Videology has just made a big step on the road to adopting viewability as the standard currency for buying online ads.
The TV and video ad buying platform announced Tuesday that advertisers using its self-service platform now have the option to buy digital video ads using viewable cost-per-thousand (vCPM) pricing, backed by independent measurement from the buyer’s choice of Moat, DoubleVerify, Integral Ad Science or Videology’s own MRC-accredited measurement.
The pricing option will be available across programmatic ad exchanges, private marketplaces and automated direct deals negotiated between buyers and publishers on the platform. It includes the option to buy against a guaranteed minimum vCPM and a guaranteed volume of viewable video impressions.
The way CEO Scott Ferber describes it, buyers will activate vCPM through a simple three-step process. First they’ll select vCPM as their pricing model, then they’ll be able to select the definition of viewability they want to use to review inventory. Lastly they’ll choose the viewability provider they want to determine which impressions are showing up on users’ screens.
“Having a viewable impression as a currency by which you transact makes us able to compare digital video to TV much more on a like-forl-like basis,” Ferber told Marketing. “We think that’ll drive convergence… We think by enabling this we’ll increase the spend across digital video and television, because more marketers will trust it and they’ll know what they’re getting.”
Buyers will be able to screen inventory based on either the MRC’s standard definition of a viewable video impression (50% on-screen for 2 consecutive seconds) or GroupM’s much more stringent Extended Viewability standard (100% on-screen for 50% of the ad’s duration, with audio on and user initiation). With either option, the buyer will only pay for ad impressions that meet the standard, and moreover, Videology’s bidding algorithms will optimize towards more viewable inventory.

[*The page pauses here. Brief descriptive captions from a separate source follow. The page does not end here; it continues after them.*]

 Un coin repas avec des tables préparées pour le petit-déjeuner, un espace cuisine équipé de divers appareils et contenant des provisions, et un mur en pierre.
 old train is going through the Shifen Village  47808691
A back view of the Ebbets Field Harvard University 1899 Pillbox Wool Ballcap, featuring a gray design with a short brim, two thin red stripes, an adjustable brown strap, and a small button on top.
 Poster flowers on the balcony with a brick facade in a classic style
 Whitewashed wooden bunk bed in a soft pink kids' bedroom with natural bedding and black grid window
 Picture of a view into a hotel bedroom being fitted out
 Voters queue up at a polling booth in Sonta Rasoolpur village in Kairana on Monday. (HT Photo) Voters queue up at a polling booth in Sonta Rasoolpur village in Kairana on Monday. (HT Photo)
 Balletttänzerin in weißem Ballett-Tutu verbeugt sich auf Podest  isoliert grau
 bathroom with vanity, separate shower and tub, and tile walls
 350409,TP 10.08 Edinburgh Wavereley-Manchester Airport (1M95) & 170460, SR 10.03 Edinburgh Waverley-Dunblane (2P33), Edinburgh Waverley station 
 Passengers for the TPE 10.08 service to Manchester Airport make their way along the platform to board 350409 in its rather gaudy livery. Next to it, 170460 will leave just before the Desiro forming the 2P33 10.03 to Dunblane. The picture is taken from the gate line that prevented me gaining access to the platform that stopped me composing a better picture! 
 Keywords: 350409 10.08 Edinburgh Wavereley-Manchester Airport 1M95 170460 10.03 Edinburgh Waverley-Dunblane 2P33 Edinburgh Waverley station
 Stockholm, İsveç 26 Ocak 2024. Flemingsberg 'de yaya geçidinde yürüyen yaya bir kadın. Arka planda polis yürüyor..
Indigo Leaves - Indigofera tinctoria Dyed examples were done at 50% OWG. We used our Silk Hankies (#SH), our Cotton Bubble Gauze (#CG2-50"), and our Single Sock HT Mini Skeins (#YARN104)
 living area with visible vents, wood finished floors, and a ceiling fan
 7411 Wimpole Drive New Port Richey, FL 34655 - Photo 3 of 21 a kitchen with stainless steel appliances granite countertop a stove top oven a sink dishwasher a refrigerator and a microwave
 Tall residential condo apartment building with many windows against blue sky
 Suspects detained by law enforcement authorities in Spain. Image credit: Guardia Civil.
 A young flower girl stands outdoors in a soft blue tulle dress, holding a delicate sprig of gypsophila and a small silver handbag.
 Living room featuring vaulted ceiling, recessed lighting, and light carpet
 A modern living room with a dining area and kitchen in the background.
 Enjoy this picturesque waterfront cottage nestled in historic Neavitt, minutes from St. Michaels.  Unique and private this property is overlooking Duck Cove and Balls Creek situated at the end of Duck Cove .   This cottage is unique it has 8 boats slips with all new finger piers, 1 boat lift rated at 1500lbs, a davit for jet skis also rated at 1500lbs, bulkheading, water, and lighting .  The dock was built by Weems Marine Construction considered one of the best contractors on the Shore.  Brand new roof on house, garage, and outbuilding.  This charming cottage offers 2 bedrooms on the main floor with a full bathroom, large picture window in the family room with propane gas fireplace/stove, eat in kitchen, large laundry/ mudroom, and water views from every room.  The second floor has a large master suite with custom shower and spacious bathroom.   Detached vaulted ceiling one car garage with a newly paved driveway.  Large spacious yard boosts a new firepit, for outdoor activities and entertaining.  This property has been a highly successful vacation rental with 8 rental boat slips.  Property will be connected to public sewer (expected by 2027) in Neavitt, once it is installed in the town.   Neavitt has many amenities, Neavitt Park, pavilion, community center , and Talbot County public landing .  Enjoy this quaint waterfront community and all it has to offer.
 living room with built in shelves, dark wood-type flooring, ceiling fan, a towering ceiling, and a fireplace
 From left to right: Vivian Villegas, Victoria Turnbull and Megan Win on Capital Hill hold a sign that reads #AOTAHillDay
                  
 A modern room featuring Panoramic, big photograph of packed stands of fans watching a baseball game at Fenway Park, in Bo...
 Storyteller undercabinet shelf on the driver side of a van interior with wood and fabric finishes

Ferber said the company’s confident enough in its forecasting and optimization technology to provide guarantees against the price and volume of viewable inventory.
“Most TV planning is done ahead of time, as opposed to the last second – that’s the idea of a plan,” he said. “If you look at it from that perspective, guaranteeing price and volume is really important to that marketplace. So we’re just honouring our heritage, and it’s our ability to leverage our tremendous audience forecasting skills that allows us to offer that guarantee.”
Though it’s been five years since the IAB, 4As and ANA created a joint initiative to install viewable impressions as the basic unit of pricing for online ad transactions, vCPM has yet to become the dominant currency by which ads are bought. That’s in part because publishers who are struggling to monetize web and mobile inventory have been reluctant to charge only for viewable impressions, which for many would mean a significant revenue hit.
Intermediary platforms like Videology have a slight advantage in that regard, since they can target inventory that they predict will be viewable based on historical data. However, they’ve been stymied by disputes over the definition of viewability, differing methods of measurement between vendors, and the difficulty of integrating vendor data into their platforms.
One notable exception, though it’s in display rather than video, is the Google Display Network, which incorporated vCPM as a pricing option in 2013, and in 2015 set vCPM as its default pricing model for all campaigns.
Many platforms, publishers and agencies have adopted a KPI-based approach to measuring viewability, with buyers requiring vendors meet a certain viewability threshold as part of their contracts (for example, requiring a guarantee that 80% of impressions bought be viewable, based on measurement from an agreed-upon vendor). While this incentivizes publishers to make sure their ads are in view, some buyers don’t think it goes far enough, since they are still ultimately paying for unseen ads.